The Czech recordings were collected in three ways:
1. using a free Call Friend phone service
2. using the Repeat After Me speech data collecting process
3. from telephone interactions with the PublicTransportInfo Spoken Dialog System (SDS)
Alex: http://ufal.ms.mff.cuni.cz/alex-dialogue-systems-framework/.
The data collection process is described in detail
in article "Free English and Czech telephone speech corpus shared under the CC-BY-SA 3.0 license"
published for LREC 2014 (To Appear).
WE USE COMMON KALDI DECODERS IN THE SCRIPTS (gmm-latgen-faster through steps/decode.sh)
However, the main purpose of providing the data and scripts
is training acoustic models for real-time speech recognition unit
for dialog system ALEX, which uses modified real-time Kaldi OnlineLatgenRecogniser.
The modified Kaldi decoders are NOT required for running the scripts!
The modified OnlineLatgenRecogniser is actively developed at
https://github.com/UFAL-DSG/pykaldi/tree/master/src/onl-rec
and has Python wrapper:
https://github.com/UFAL-DSG/pykaldi/tree/master/src/pykaldi
Note that I am currently moving the online recogniser to:
http://sourceforge.net/p/kaldi/code/HEAD/tree/sandbox/oplatek2/
Credits and license
------------------------
The scripts are partially based on Voxforge KALDI recipe.
The original scripts as well as theses scripts are licensed under APACHE 2.0 license.
The data are distributed under Attribution-{ShareAlike} 3.0 Unported ({CC} {BY}-{SA} 3.0) license.
Czech data: https://lindat.mff.cuni.cz/repository/xmlui/handle/11858/00-097C-0000-0023-4670-6
English data: https://lindat.mff.cuni.cz/repository/xmlui/handle/11858/00-097C-0000-0023-4671-4
The data collecting process and development of these training scripts
was partly funded by the Ministry of Education, Youth and Sports
of the Czech Republic under the grant agreement LK11221
and core research funding of Charles University in Prague.

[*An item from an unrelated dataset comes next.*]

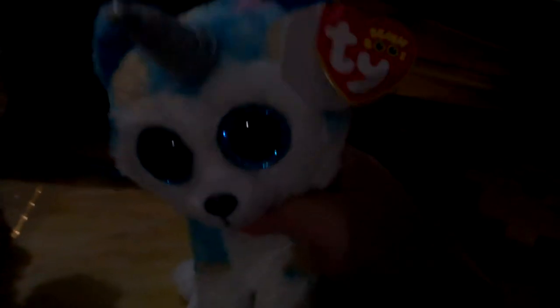Hi guys, it's me again, Brianna, and today we're gonna be reviewing Rainbow, my nine-inch Beanie Boo. She's my first dog Beanie Boo and I got her from Ormok Robinson's mall. Let's start reviewing her.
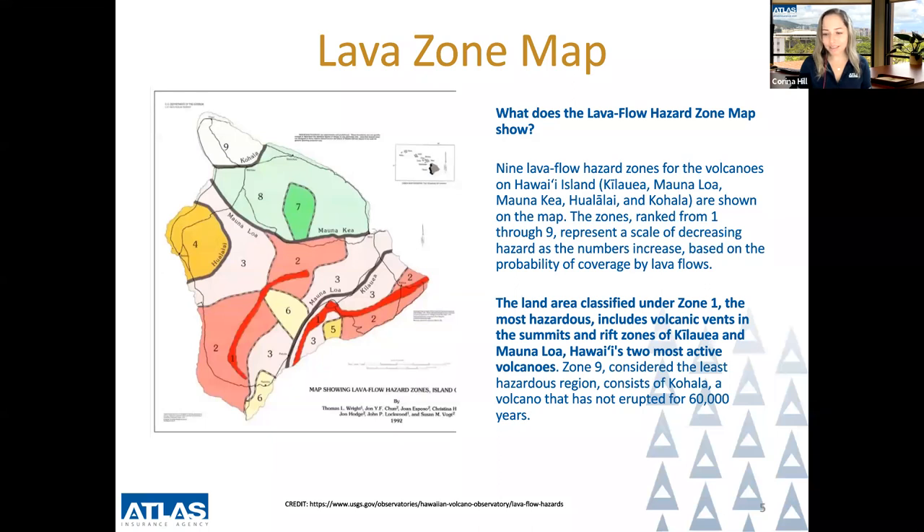Zone nine, considered the least hazardous region, consists of Kohala, a volcano that has not erupted for 60,000 years.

For citing, please use following BibTex citation:
@inproceedings{korvas_2014,
title={{Free English and Czech telephone speech corpus shared under the CC-BY-SA 3.0 license}},
author={Korvas, Mat\v{e}j and Pl\'{a}tek, Ond\v{r}ej and Du\v{s}ek, Ond\v{r}ej and \v{Z}ilka, Luk\'{a}\v{s} and Jur\v{c}\'{i}\v{c}ek, Filip},
booktitle={Proceedings of the Eigth International Conference on Language Resources and Evaluation (LREC 2014)},
pages={To Appear},
year={2014},
}
Expected results
----------------
The expected results were obtained simply by running
bash train_voip_cs.sh OR bash train_voip_en.sh.
Note that you need SRILM installed in path or at kaldi/tools/ directory!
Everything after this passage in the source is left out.